▶ [YOUR OBJECTIVE]: Go to the line below that has "Alder Shirt", print it and each line after it exactly, and stop after the line that has "ETI 54466101 Light Fmnt 830L Blk 54466101"; leave out pictures.

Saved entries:
· · · · · · ·

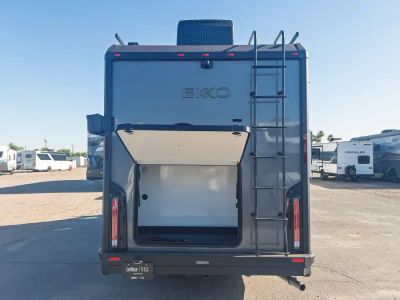 2027 Winnebago EKKO — photo 29 view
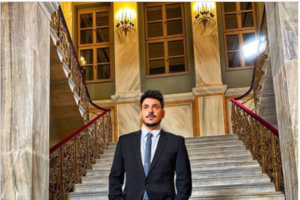 Τζώρτζης Μονογυιός: "Ο Stan δεν έβγαλε κανέναν από το αυτοκίνητο" λέει ο άνθρωπος που απεγκλώβισε την Αθηνά Κοντοπάνου - εικόνα 2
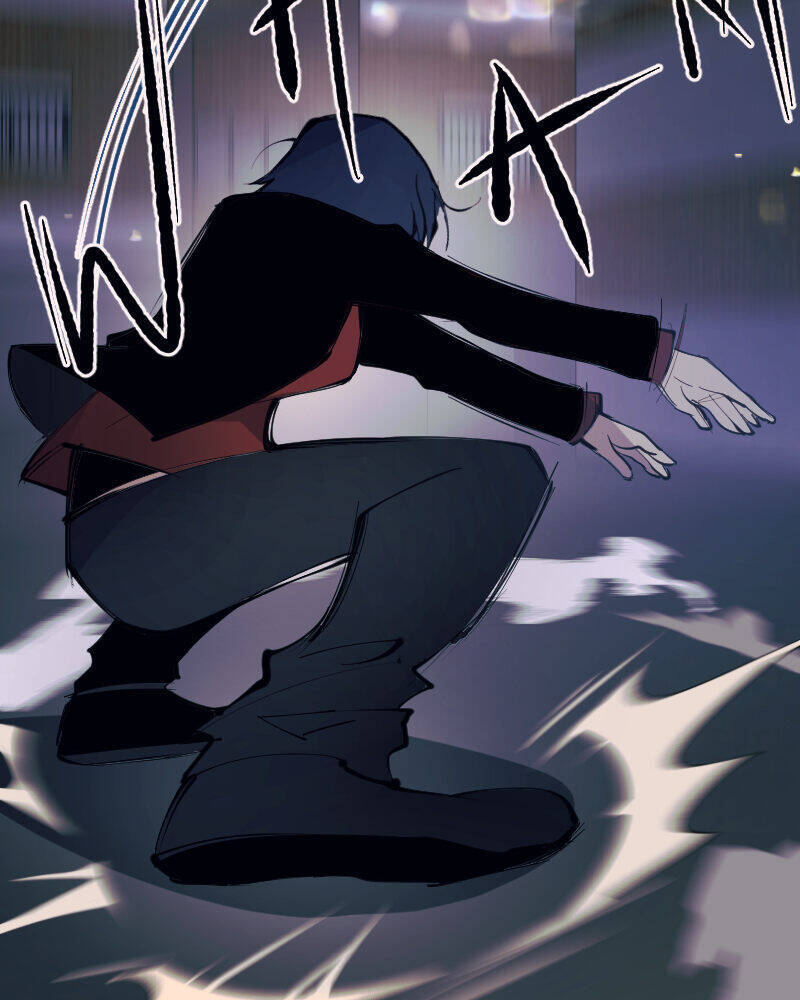 Hand Jumper - Chapter 5 - Page 21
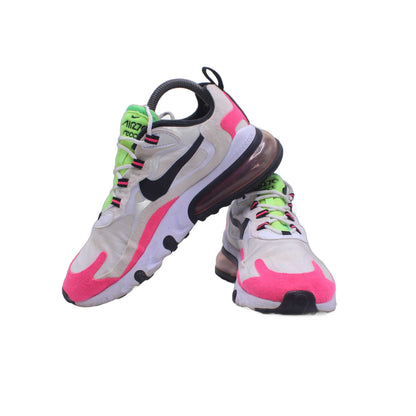 Nike Air 27C React Shoe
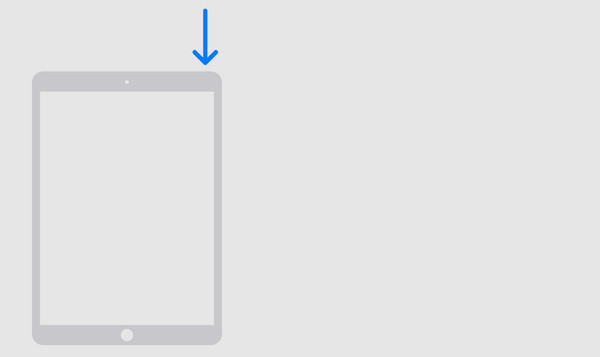 reboot iphone with home button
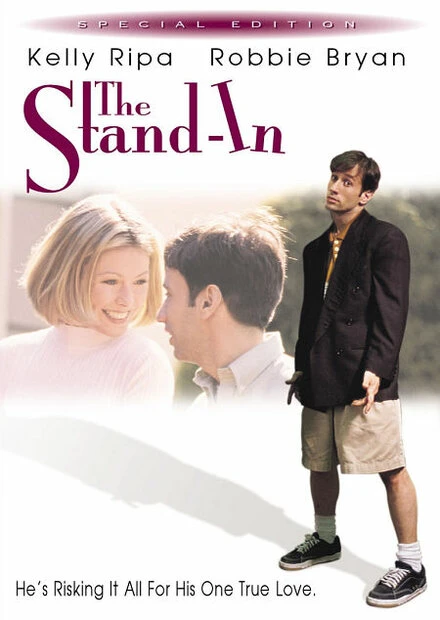 Постер The Stand-In 1999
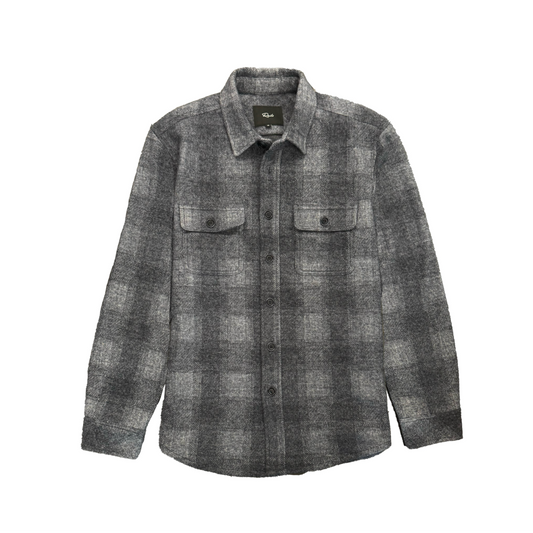 Alder Shirt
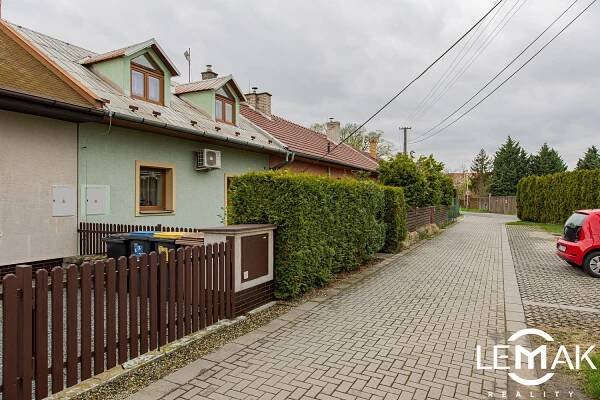 Prodej domů, Bystrovany | Mapio.cz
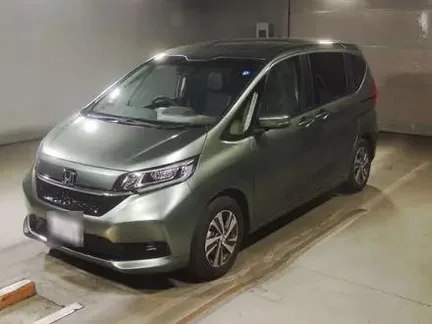 2023 HONDA FREED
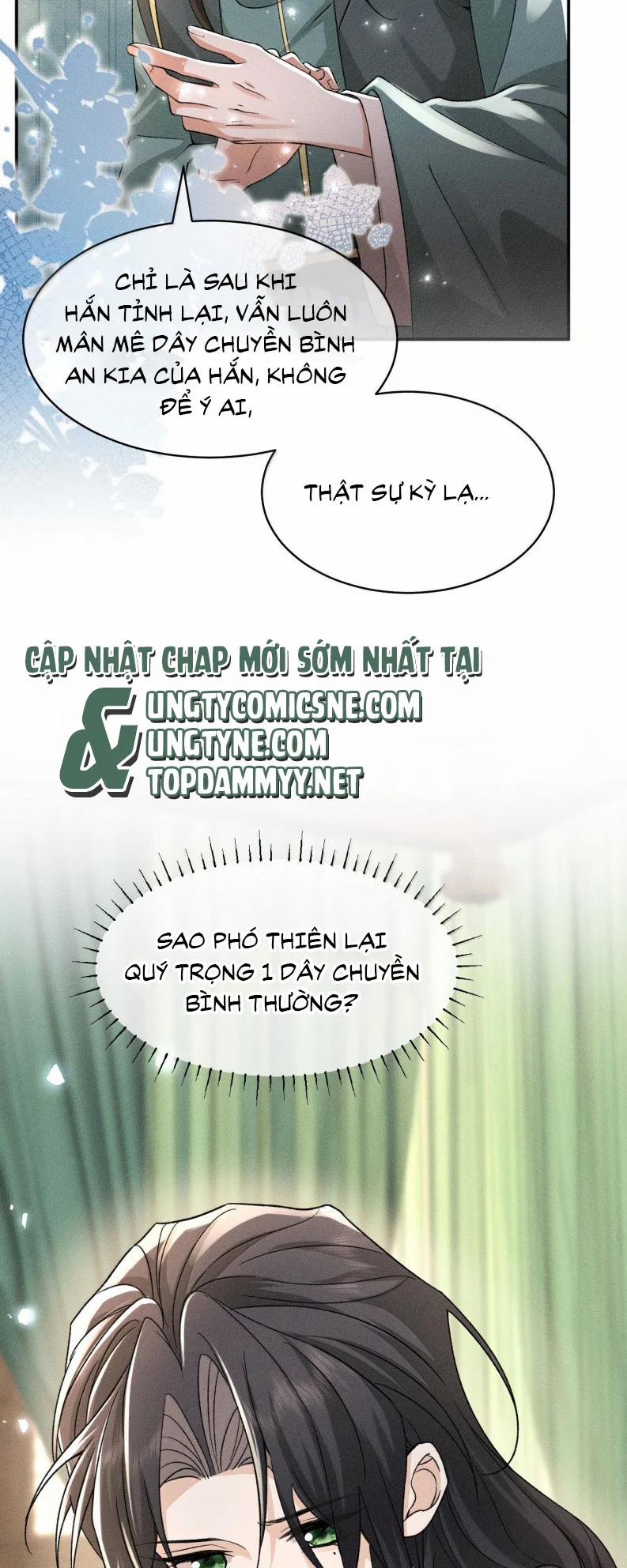 Hải Vương Sau Khi Hoàn Lương Sa Vào Tu La Tràng 31 trang 19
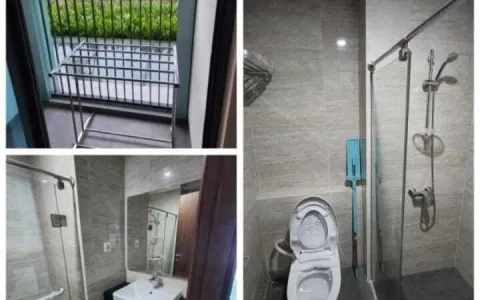 Apartemen Disewakan di Southgate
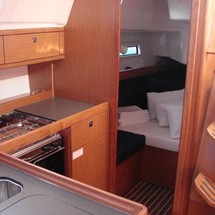 Bavaria 37 Cruiser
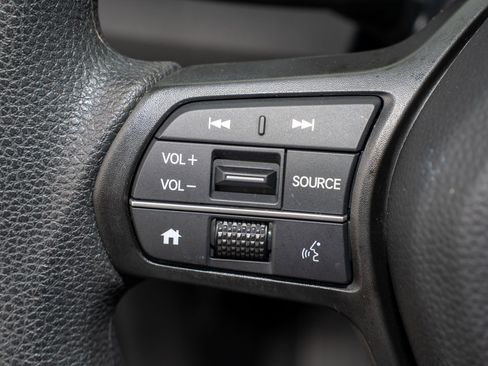 Certified 2023 Honda CR-V EX image 30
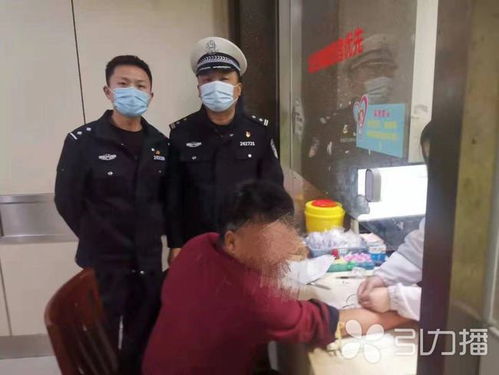 男子酒足饭饱后脑干出血被送进ICU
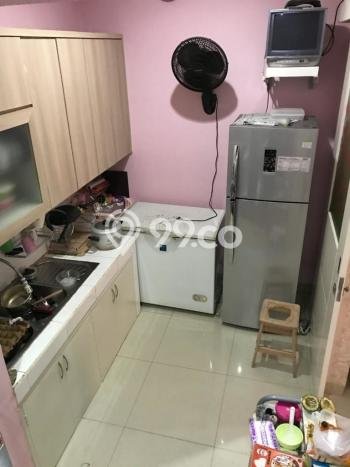 Jual Rumah Luas Megah Dengan View Eksklusif di Gading Serpong, Tangerang Jual Rumah Luas Megah Dengan View Eksklusif di Gading Serpong, Tangerang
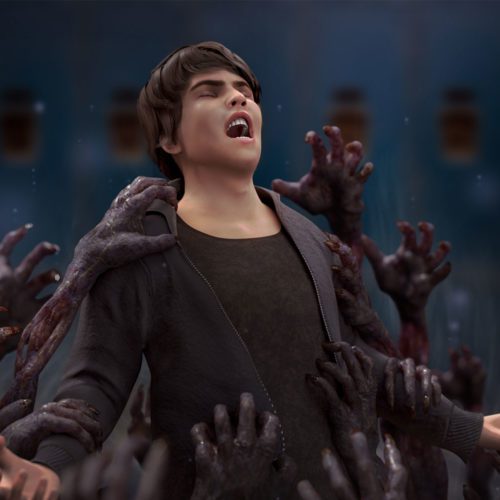 بازی what happened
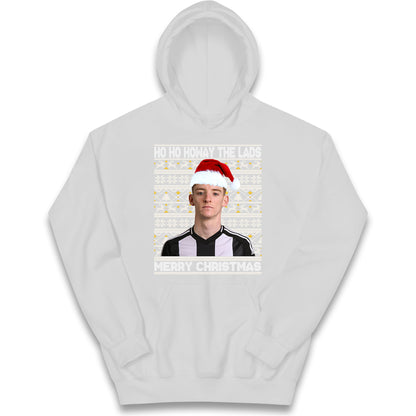 anthony gordon christmas hoodie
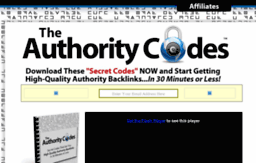 authoritycodes.com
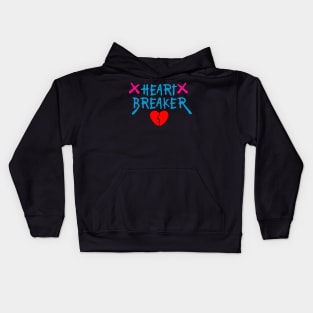 Heartbreaker Kids Hoodie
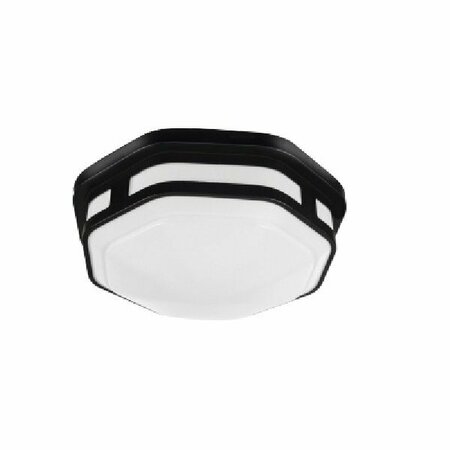 ETI 54466101 Light Fmnt 830L Blk 54466101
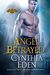 Angel Betrayed (The Fallen, #2)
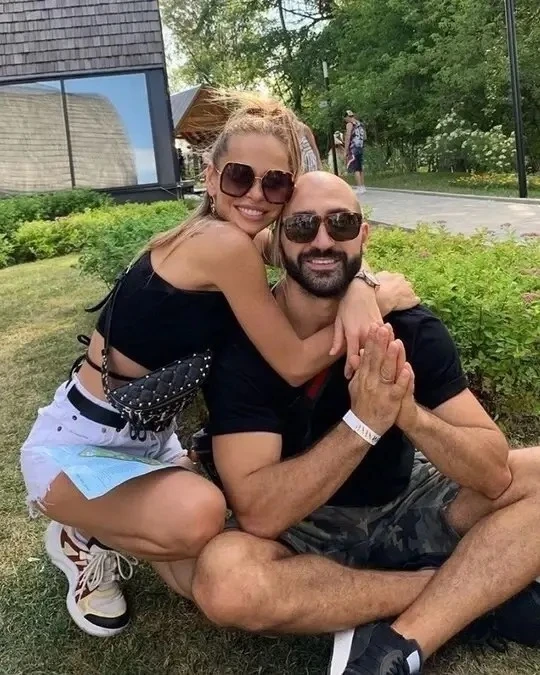 💍 Не идеальный брак: признание Анны Хилькевич  Анна Хилькевич актриса, которую миллионы знают по сер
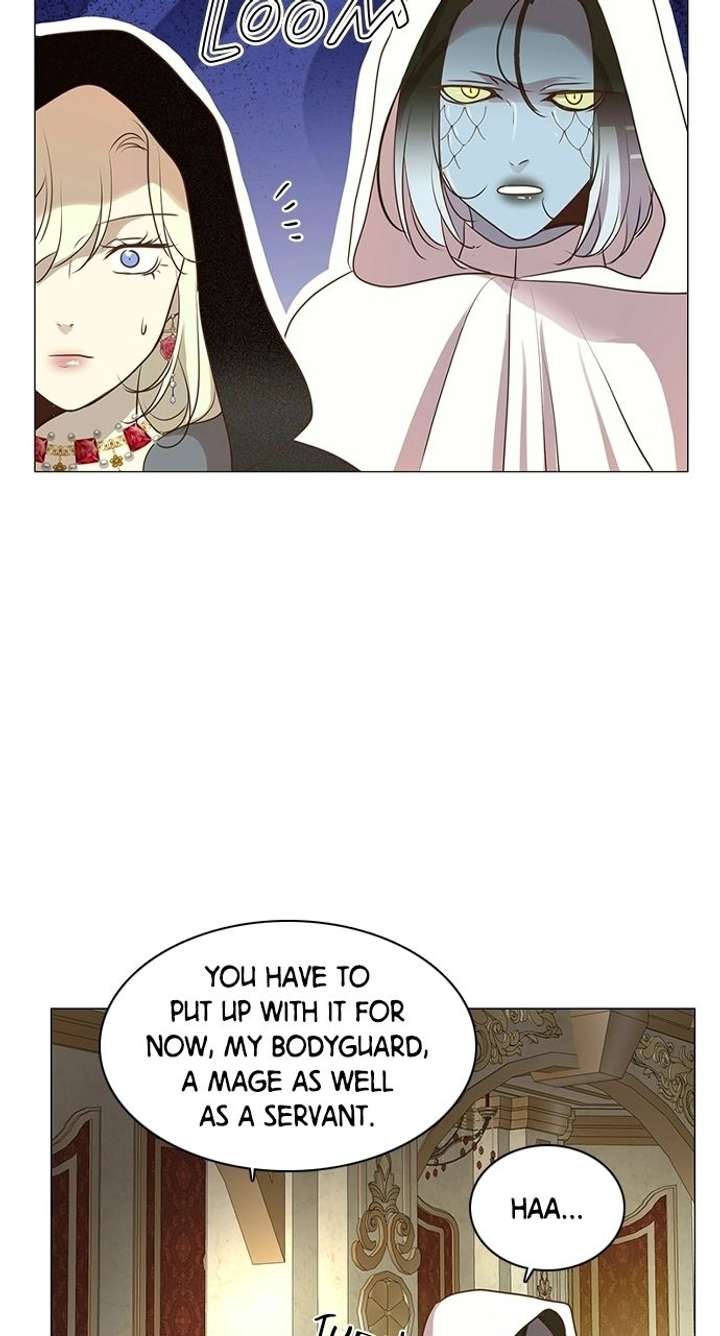 I Became the Rabbit Heroine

· · · · · · ·

▶ [TASK RESULT]:
 Alder Shirt
 Prodej domů, Bystrovany | Mapio.cz
 2023 HONDA FREED
 Hải Vương Sau Khi Hoàn Lương Sa Vào Tu La Tràng 31 trang 19
 Apartemen Disewakan di Southgate
 Bavaria 37 Cruiser
 Certified 2023 Honda CR-V EX image 30
 男子酒足饭饱后脑干出血被送进ICU
 Jual Rumah Luas Megah Dengan View Eksklusif di Gading Serpong, Tangerang Jual Rumah Luas Megah Dengan View Eksklusif di Gading Serpong, Tangerang
 بازی what happened
 anthony gordon christmas hoodie
 authoritycodes.com
 Heartbreaker Kids Hoodie
 ETI 54466101 Light Fmnt 830L Blk 54466101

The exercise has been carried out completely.